May 30, 2022 2-minute read

MBS

multimodal • computer vision

In this I will follow my preffered briefing method the WHAC method.

What?

Compressed video formats produced different modalities which includes i-frames, p-frames, b-frames and audio. A recent beautiful work from WACV 2022, produced four transformer-based architectures to fuse these four modalities in an interesting way.

Using the base Vit and ViViT models, MM-ViT scored better or equally nearby scores on UCF101, Kinetics 600 and SomethingSomethingv2 (without audio dataset).

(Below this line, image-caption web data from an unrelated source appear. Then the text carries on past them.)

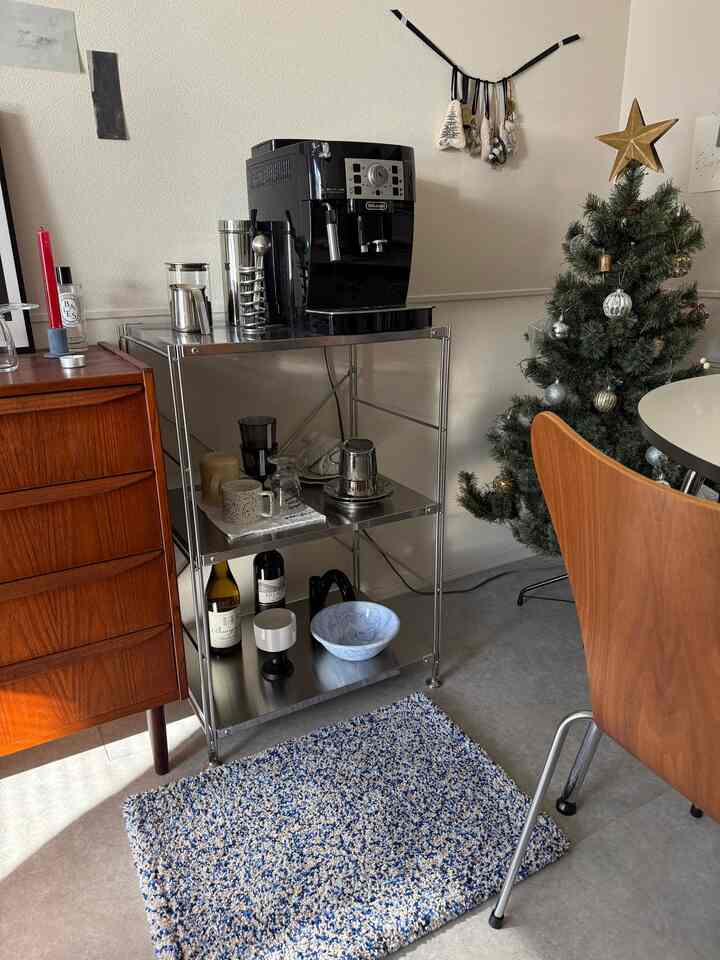 ブラックと木調が調和するダイニング、ステンレス棚にコーヒーマシンと食器類が配置された雰囲気のあるインテリア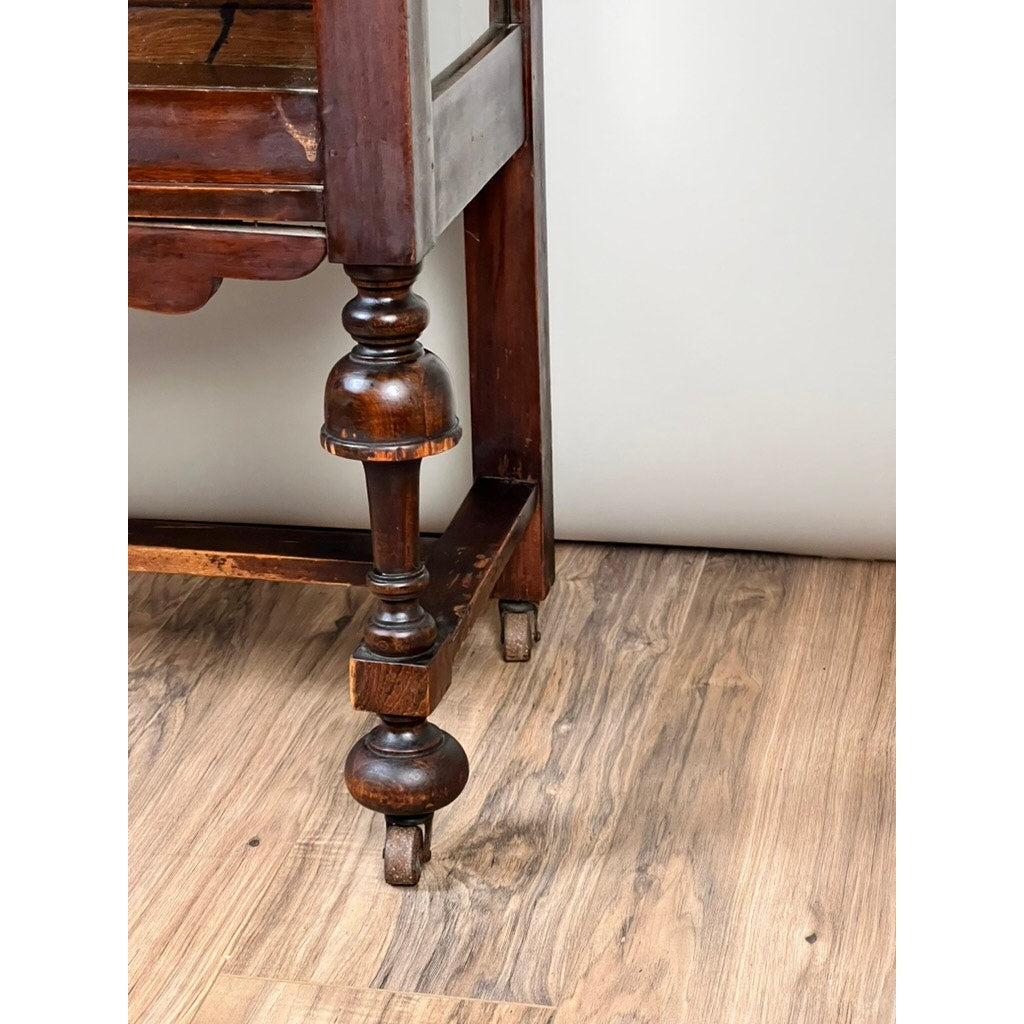 A close-up of a carved mahogany leg with a small caster wheel, part of a Depression Era Mahogany Curio Display Cabinet with Glass Sides from the 1930s, standing on a light wood floor against a plain white wall.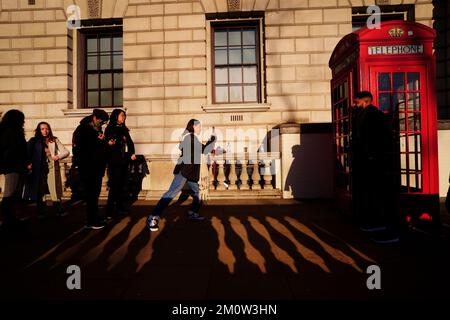 Tourists form a queue to take photographs with a red phone box in Parliament Square, Westminster during sunny weather in London. The Met Office has issued a number of weather warnings for snow and ice for parts of Scotland, Northern Ireland, Wales and the east coast and south-west England over the coming days. Picture date: Thursday December 8, 2022. Stock Photo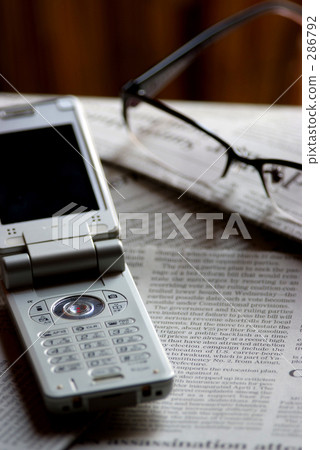 Glasses and cell phone Glasses and cell phone 286792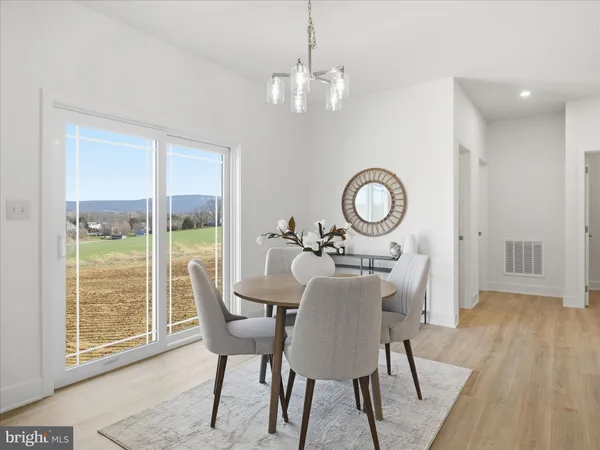 a dining room with furniture a chandelier and wooden floor
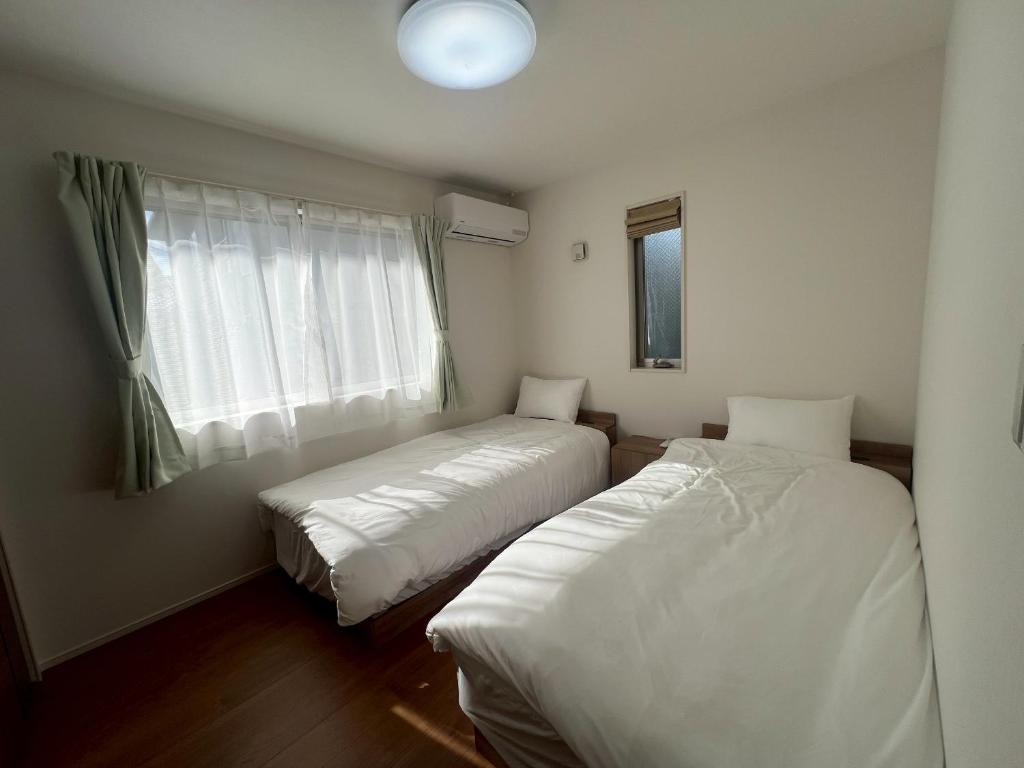 Postel nebo postele na pokoji v ubytování Mukae House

This approach has mapped each modality into a representation compatible with transformer architecture which expects a parallel input in the form of patches/tokens.

overall architecture

This work has different interesting parts.

How?

MM-ViT converts non-audio modalities in a different way as compared to audio modality. Basically, waveform has been used for audio representation. Transformer-based abstract variables (query, key, value) were extracted for each modality and are passed through an MLP to the attention mechanism. As mentioned four, there are four different architectures named different on the basis of key module they use.

overall architecture

Are we sure?

MM-ViT III is the best variant produced which has beaten SOTA CNN variants with and without optical flow. MM-ViT is efficient as it does not perform the heavy duty for optical flow. For qualitive view of the work picture generated from attention weights have been shared in the manuscript.

ssv2 ucf-101 kinetics-600 quality

Can I do it?

Key candidates for implementation are

Critical Details

SSv2 has no audiostream
all compressed videos to MPEG-4 codec which encodes a video into I-frames and P-frames.
Patch size is set to 16×16 across the visual modalities.
ViT-B pretarined on ImageNet-21K is the backbone
SGD with batch size 8
Learning rate starts from 0.5 and is divided by 10 when the validation accuracy plateaus.
83 refs which is huge
bad- table layout is not consistent
bad- mehcanisms diagram needs improvement
bad-source not provided
bad-machine details not provided
bad-not reproducible
bad-future works not shared
bad-limitations not shared
May be part of a commercial project as Oppo is a popular Computer Vision Tech-based company.